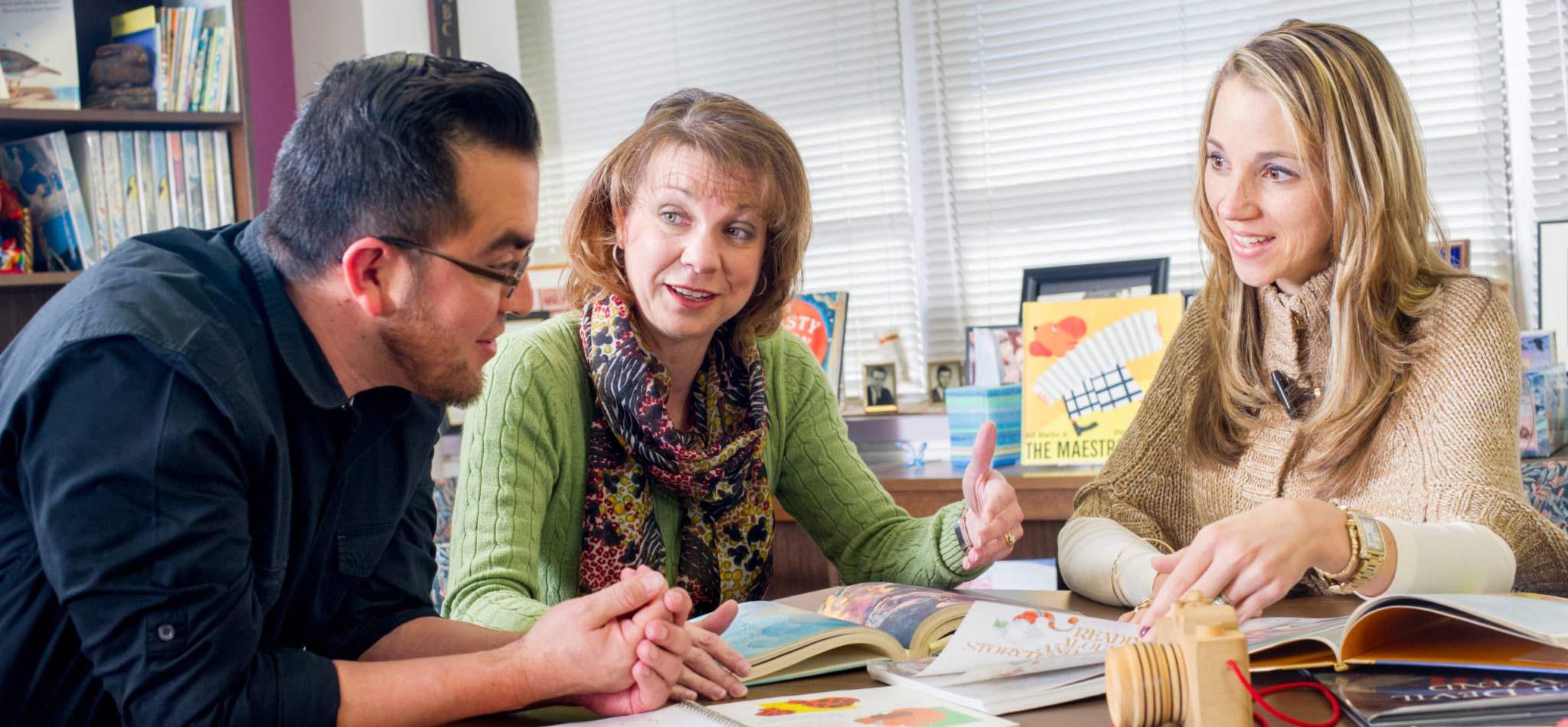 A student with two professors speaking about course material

---

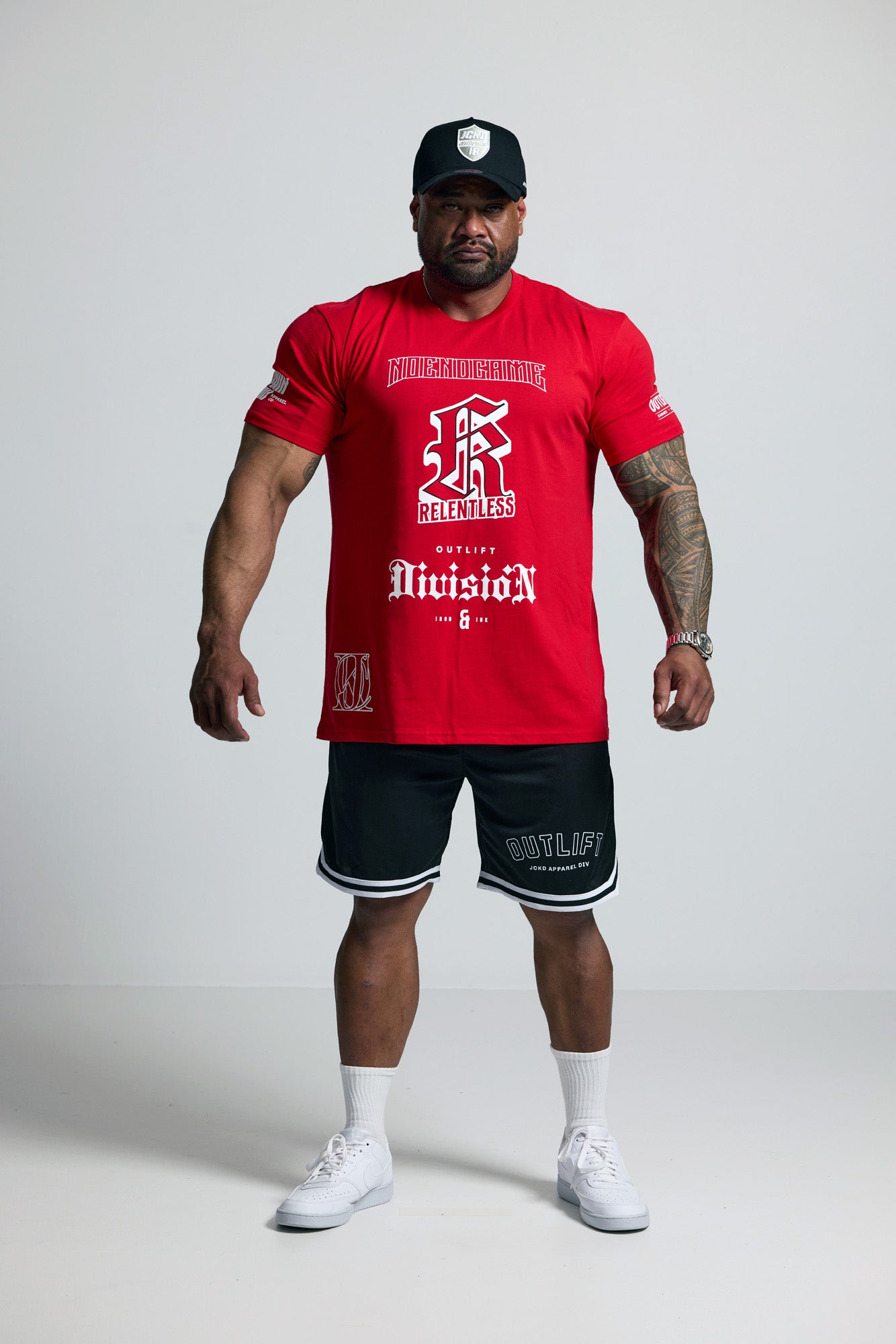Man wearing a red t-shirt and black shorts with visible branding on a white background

--

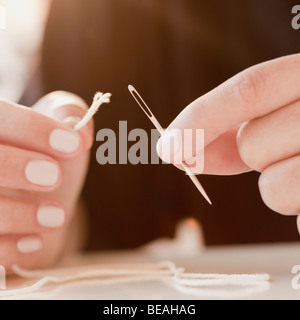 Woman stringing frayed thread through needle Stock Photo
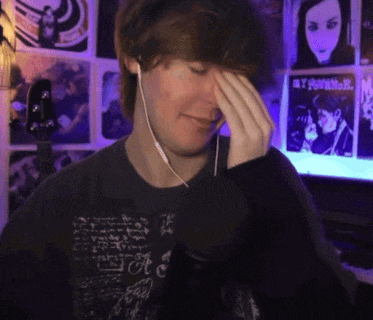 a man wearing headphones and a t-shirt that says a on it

§ INSTRUCTIONS FOR THE TASK:
Start with the line above containing "Woman stringing frayed" and end with the line containing "a man wearing". Set down that stretch exactly, without any pictures.

§ TASK RESULT:
 Woman stringing frayed thread through needle Stock Photo
 a man wearing headphones and a t-shirt that says a on it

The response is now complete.